This package may be used for representing hierarchical language structures, such as syntax trees and morphological trees.

class nltk.tree.ImmutableMultiParentedTree[source]

Bases: ImmutableTree, MultiParentedTree

class nltk.tree.ImmutableParentedTree[source]

Bases: ImmutableTree, ParentedTree

class nltk.tree.ImmutableProbabilisticTree[source]

Bases: ImmutableTree, ProbabilisticMixIn

__init__(node, children=None, **prob_kwargs)[source]
classmethod convert(val)[source]

Convert a tree between different subtypes of Tree. cls determines which class will be used to encode the new tree.

Parameters

tree (Tree) – The tree that should be converted.

Returns

The new Tree.

copy(deep=False)[source]

Return a shallow copy of the list.

class nltk.tree.ImmutableTree[source]

Bases: Tree

__init__(node, children=None)[source]
append(v)[source]

Append object to the end of the list.

extend(v)[source]

Extend list by appending elements from the iterable.

pop(v=None)[source]

Remove and return item at index (default last).

Raises IndexError if list is empty or index is out of range.

remove(v)[source]

Remove first occurrence of value.

Raises ValueError if the value is not present.

reverse()[source]

Reverse IN PLACE.

set_label(value)[source]

Set the node label.
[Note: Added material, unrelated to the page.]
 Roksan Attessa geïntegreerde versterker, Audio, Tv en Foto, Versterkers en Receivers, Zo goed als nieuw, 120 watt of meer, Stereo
This will only succeed the first time the node label is set, which should occur in ImmutableTree.__init__().

sort()[source]

Sort the list in ascending order and return None.

The sort is in-place (i.e. the list itself is modified) and stable (i.e. the order of two equal elements is maintained).

If a key function is given, apply it once to each list item and sort them, ascending or descending, according to their function values.

The reverse flag can be set to sort in descending order.

class nltk.tree.MultiParentedTree[source]

Bases: AbstractParentedTree

A Tree that automatically maintains parent pointers for multi-parented trees. The following are methods for querying the structure of a multi-parented tree: parents(), parent_indices(), left_siblings(), right_siblings(), roots, treepositions.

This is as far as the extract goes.